Dinleme sürecini etkileyen etkenleri değerlendirebilmek
Kaynak (Konuşmacı) Temelli Etkenler: Mesajda kullanılan sözcükler, terimler, yanlış anlaşılmaya yol açacak cümle kuruluşları, yanlış vurgu ve tonlamalar; konuşma bozuklukları; konuşmayı etkileyen fiziksel etkenler; konuşma hızı; ses tonu; jest ve mimikler; bilgi birikimi; konuyla ilgili hazırlığı ve konuyu sunuş şeklidir. Alıcı (Dinleyici) Temelli Etkenler: Alıcının zihinsel ve fizyolojik yetileri, dikkat ilgi, istek, kelime dağarcığı, bilgi birikimi, ön yargı, dinleme sürecinde uygun dinleme davranışları gösterme (dik oturma, konuşanla göz teması kurma, not tutma, soru sorma, dinlenenlere uygun geri bildirimlerde bulunma, vb.), dinleme hızıdır. Çevre- Ortam Temelli Etkenler: Isı, ses, ışık, fiziksel konfordur.
Dinleme türlerini sıralayabilmek
Aktif dinleme, pasif dinleme, not alarak dinleme, grup halinde dinleme, empatik dinleme, yaratıcı dinleme, amaçlı dinleme, sorgulayıcı dinleme, seçici dinleme, eleştirel dinleme.
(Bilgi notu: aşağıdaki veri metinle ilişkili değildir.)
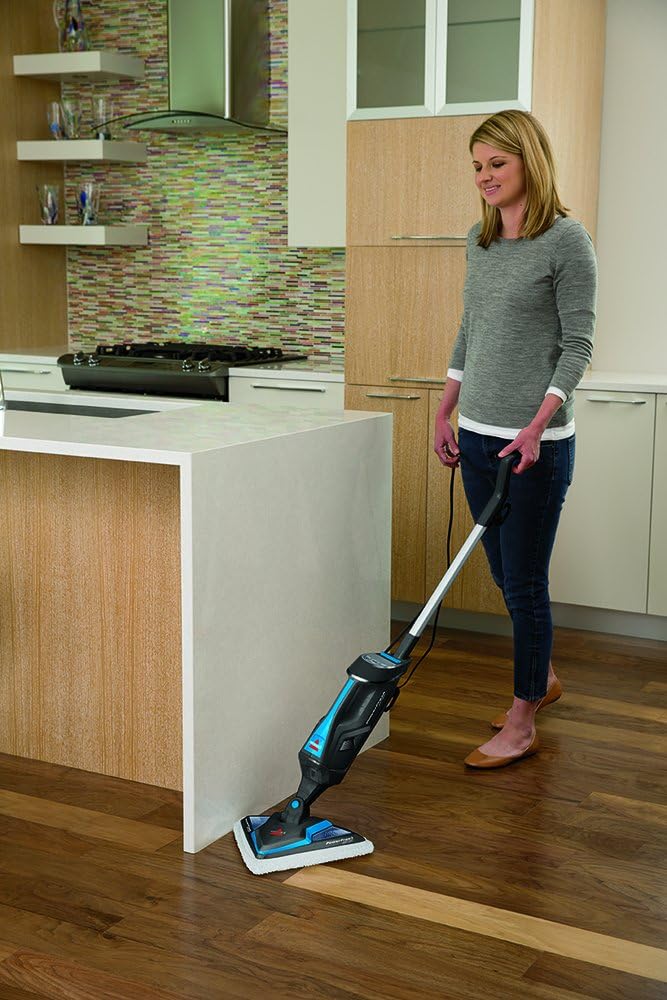 BISSELL 1897N Powerfresh LiftOff Steam Mop 2in1 Dampfreiniger mit abnehmbarem Hand-Dampfreiniger (16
Okuma-dinleme ilişkisini betimleyebilmek
Okuduğunu ve dinlediğini anlama birbirine çok benzeyen süreçlerdir. Okuma ve dinleme arasında yakın bir ilişki vardır. Bu ilişki benzerlikler ve farklılıklar çerçevesinden ele alınabilir. Her ikisi de anlama becerisinin temel bileşenidir. Başka bir deyişle bir tür “alıcı dil etkinliği” dir. Okuma ve dinlemenin her ikisi de zihnin anlama süreciyle ilgilidir. Okuduğunu anlama becerisi üst düzeyde olan bir kişinin, dinlediğini anlama becerisi de üst düzeyde olacaktır. Bu yüzden okuma becerisinin, dinleme becerisine doğrudan etkilediğini söylemek mümkündür. Zihnin ve beynin aktif olmasını gerektirir. Anlamanın gerçekleşmesi için ortak bir dile, dilsel birikime gereksinim vardır. Kaynakta (konuşmacı/ yazılı metin) kullanılan dilin niteliği (pürüzsüz, yalın, anlaşılır) anlamanın gerçekleşmesinde önemli hatta belirleyicidir. Ortamın özelliği, anlamın oluşumu sürecinde her iki bileşen için de çok önemlidir. Isı, ışık, ses gibi fiziksel etkenler anlam kurma sürecini etkileyen önemli değişkenler olarak karşımıza çıkmaktadır. Okuma/dinleme öncesi, sırası ve sonrasındaki davranışlar her ikisi için de anlama sürecini etkilemektedir. Her ikisinde de anlamanın gerçekleşip gerçekleşmediği, anlama sürecinin aksadığı yönler alınan geri bildirimler sayesinde anlaşılabilir. İlgi ve istekler de yine her iki bileşen açısından anlama sürecini etkileyen ortak birer etken olarak ifade edilebilir.